Macao SAR started suspending aquatic imports from 10 Japanese regions including Tokyo, Fukushima and Miyagi on Thursday, the day when Japan began the dumping.

Also in Xiangyang, Central China's Hubei Province, the local market supervision authority carried out an inspection on Tuesday of seafood shops, supermarkets and restaurants.

The head of the market supervision bureau said that they will continue to pay attention to the impact of the Japanese dumping on food safety, increase supervision efforts, and carry out inspections regularly. No Japanese aquatic products were found after local officials checked purchase notes and customs declarations for imported goods.

Since the day of the full ban on Japanese seafood, many diners were rushing to eat their "last meal of Japanese seafood," an employee of an Izakaya, a Japanese-style pub, located in Beijing's Chaoyang district told the Global Times on Thursday.

The employee remained calm concerning the ban as he said most Japanese restaurants, especially mid- and low-end ones, use few Japanese-originated products and their most popular dishes are not sashimi or sushi at all.

The employee said after the ban, most Japanese restaurants started informing their customers about the origins of their seafood, making sure customers could make their purchases without worry.

 "I occasionally went to high-end Japanese food restaurants where many aquatic products came from Japan. Although some tasted good, they were expensive. And some imported sashimi from other countries can replace Japanese ingredients, so it is not a pity at all if we can't eat Japanese seafood in the future," a sushi lover surnamed Wu said.

The ban on Japanese seafood has triggered a hot selling of alternatives from other countries and regions. 

For example, the sales of South American white shrimp have surged.
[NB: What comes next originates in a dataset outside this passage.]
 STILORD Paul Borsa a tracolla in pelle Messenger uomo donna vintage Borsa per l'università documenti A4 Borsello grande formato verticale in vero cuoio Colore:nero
E-commerce platform Oriental Selection revealed that South American white shrimp sales have skyrocketed since Japan started dumping, media reported.
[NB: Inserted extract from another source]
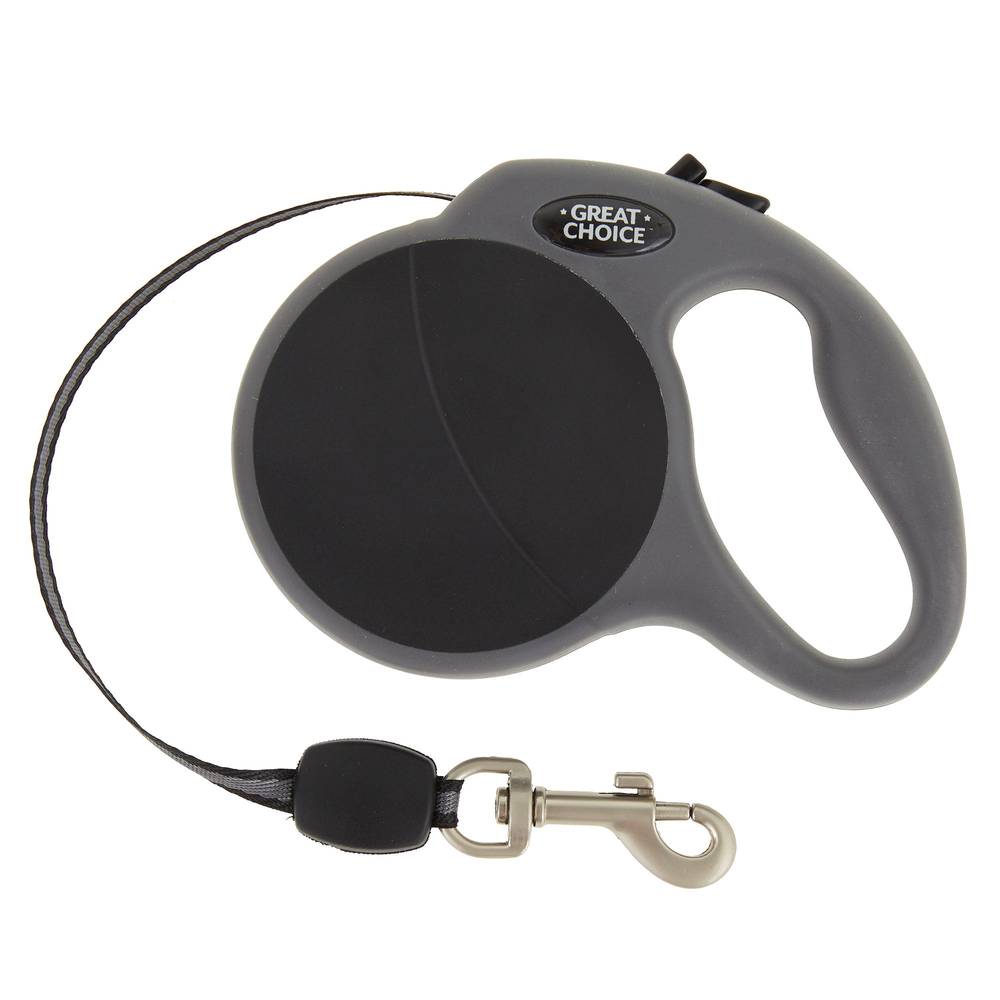 Great Choice Retractable Tape Dog Leash, Black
The shrimp saw more than 2.42 million orders on August 24, ranking first on the list of shrimp sales for the e-commerce supermarket on Douyin, the Chinese version of TikTok.

However, some netizens have expressed concern over possible imports of seafood from Europe that actually originated from Japan, as in early August the European Union removed its import restrictions on Japanese food that had been in place since the nuclear accident in Fukushima Prefecture in 2011.

"Although such cases should not be rampant, we should be vigilant, " Liu Jiangyong, vice dean of the Institute of Modern International Relations at Tsinghua University, told the Global Times.